Add `from_huggingface` method to KerasNLP models #1294

shivance · 2023-11-06T03:33:10Z

Add support for loading huggingface model checkpoints in KerasNLP backbones

Is your feature request related to a problem? Please describe.
As of now KerasNLP backbones load pretrained weights of standard checkpoints. However there are lots of fine-tuned checkpoints on huggingface hub which most of the time solve a lot of problems. If we add this functionality of supporting HF checkpoints, we can truly fulfil them with Keras's Multi-backend-promise with KerasNLP's modular design for most of the NLP community.

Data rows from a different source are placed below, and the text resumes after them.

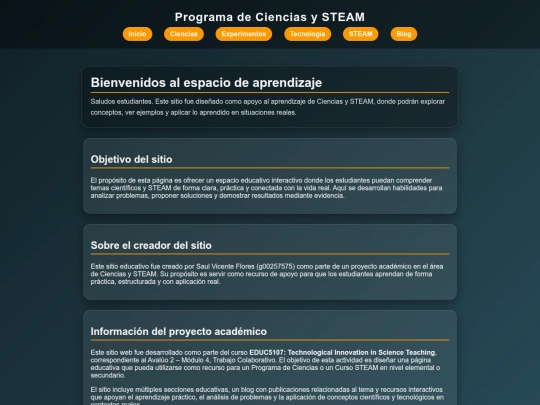 index screenshot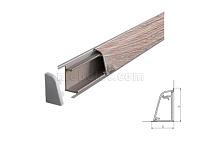 8351/Легранд Оак Плинтус TwinC 4,2м SLOTEX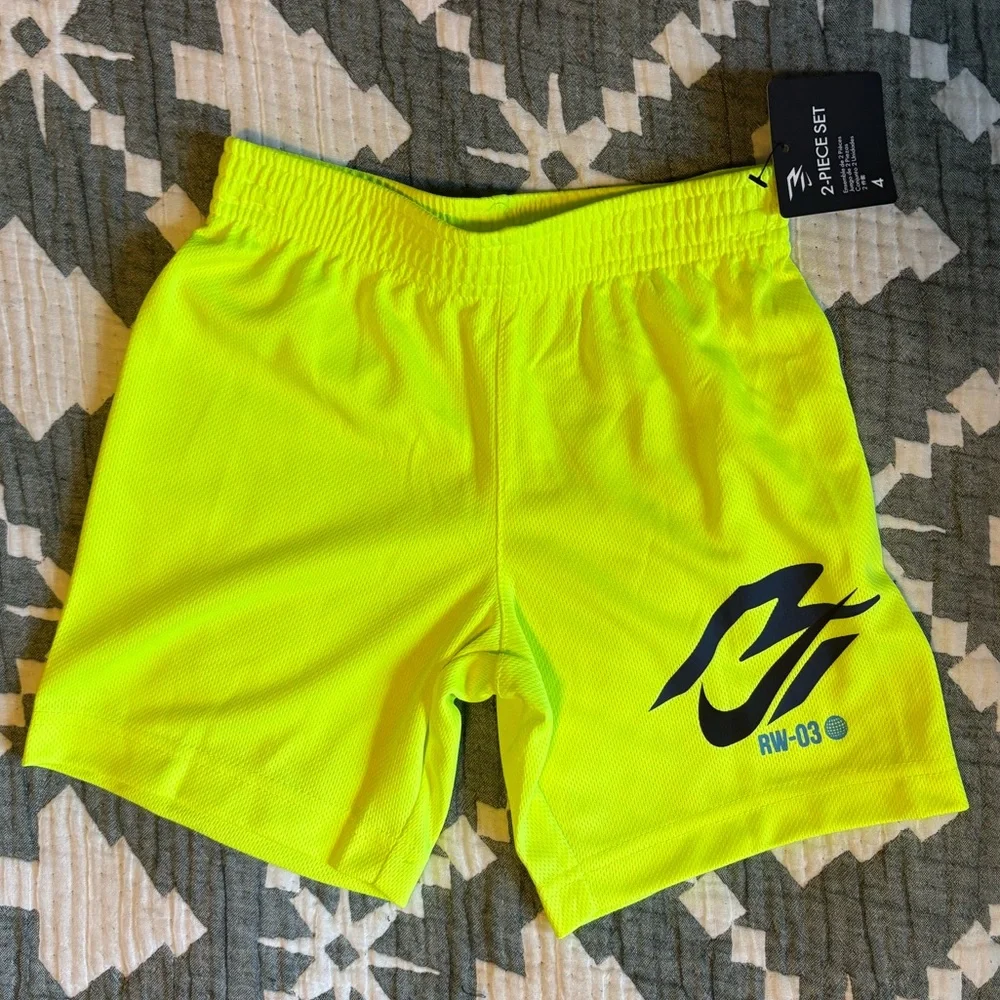 Spider-Man Ref Tee & Shorts Set + Navy & Neon Yellow Athletic Set - Picture 4 of 7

Describe the solution you'd like
Implemnting from_huggingface method passing checkpoint name from huggingface
All it will require is mapping layer names and implementing checkpoint-conversion scripts as methods.

Alternative solution
Instead of implementing a seperate method, we could modify from_preset method to use huggingface checkpoints

I'm up for contributing this feature.

cc: @abheesht17

The text was updated successfully, but these errors were encountered:

mattdangerw · 2023-11-08T18:26:36Z

I will check with other folks here, but I think this is something we probably will not want to pursue. We could mirror all our own presets on huggingface, or make it easier to bulk convert hf checkpoints offline, but I do not think converting huggingface checkpoints "live" will be a good solution.

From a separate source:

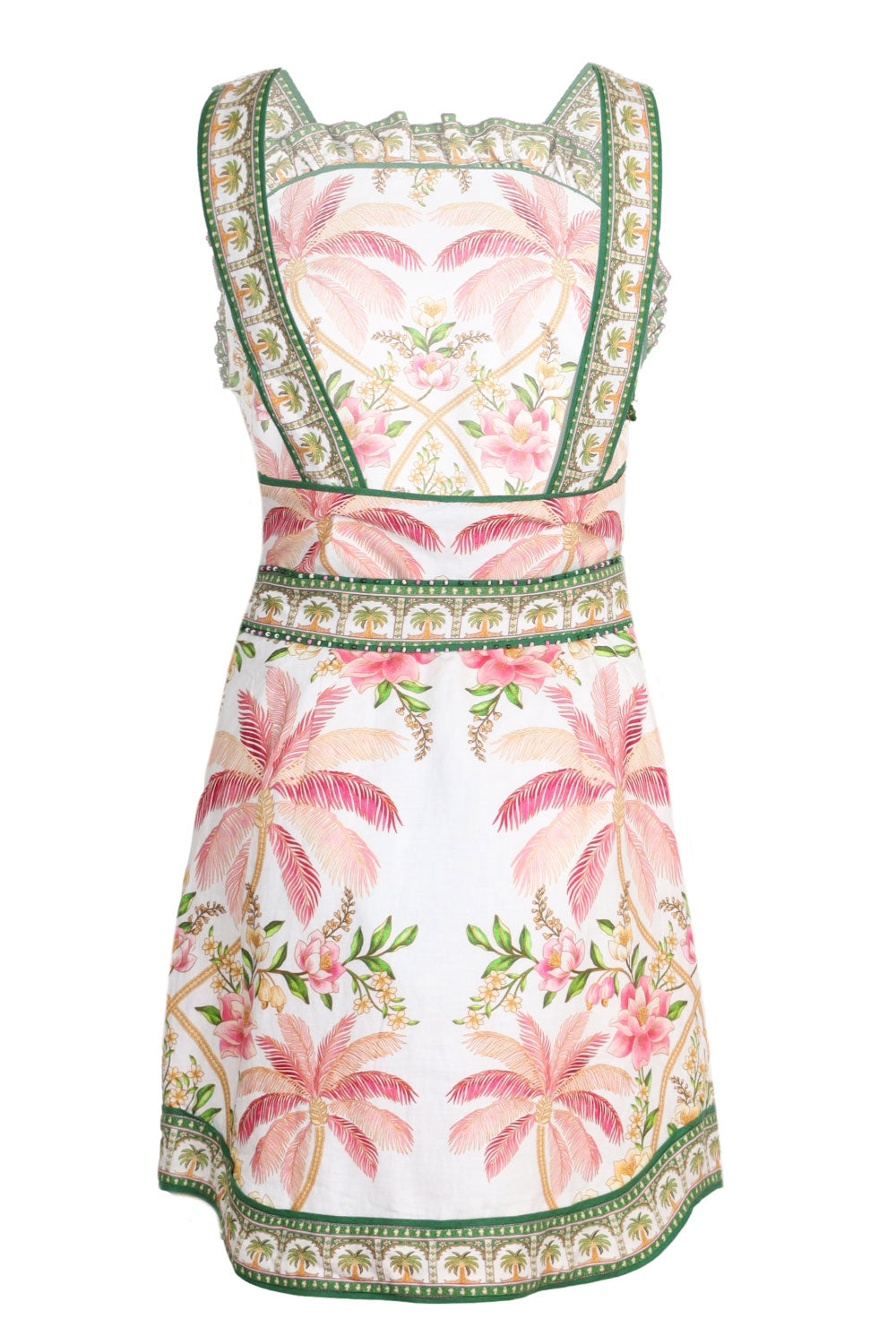 Load image into Gallery viewer, Palm Dress Off-White Sleeveless Angled Mini Dress
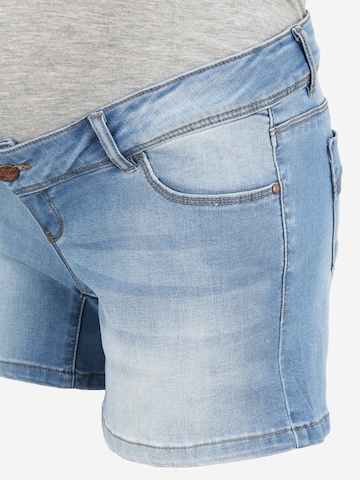 MAMALICIOUS Regular Shorts 'Paso' in Blau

Performance will be bad, as you need to load the model twice and assign weights, often from torch -> jax or tensorflow. So basically you are 2x-ing memory usage for a bit. For larger models this is important enough to be a deal breaker, and would make an offline solution more appealing.
Keeping this working reliably will be tricky. Huggingface has there own release schedule and versioning, will occasionally update their own model configs etc. It would be very tricky to guarantee we could convert checkpoints reliably across a large swatch of huggingface versions indefinitely. And a feature that works on, idk, <10% of actually huggingface model ids, seems like potentially bad UX to put in the library.

I think right now it makes sense to continue to integrate with Kaggle #1292, which will help us define a external friendly format for our presets. Once we have that we could consider exposing a set of tools to automatically convert huggingface model to our format on a best effort basis. This would never included all models or all huggingface config options (I just don't see that happening feasibly), but it could be easy to use and side step the performance issues mentioned above.

Wauplin · 2024-02-27T15:48:43Z

Hey there 🤗

I think there is a confusion in this issue between 2 different topics:

Allowing keras_nlp to load transformers-based checkpoints: this seem to be what's described by @shivance, right?
Loading models from the Hugging Face Hub.

The HF Hub is a platform to host and share all kinds of models, and not only transformers ones. While topic 1. might be tricky for reasons explained by @mattdangerw in #1294 (comment), I do think hosting KerasNLP models on the HF Hub would make sense. Now that both KaggleHub and GS presets are supported, adding a new preset provider doesn't seem too complex.

I have actually worked on a fork to showcase how the implementation would look like: master...Wauplin:keras-nlp:huggingface-hub-integration. The integration requires the huggingface_hub library. Authentication can be configured with the HF_TOKEN environment variable (only for private models or for uploads, similarly to KaggleHub).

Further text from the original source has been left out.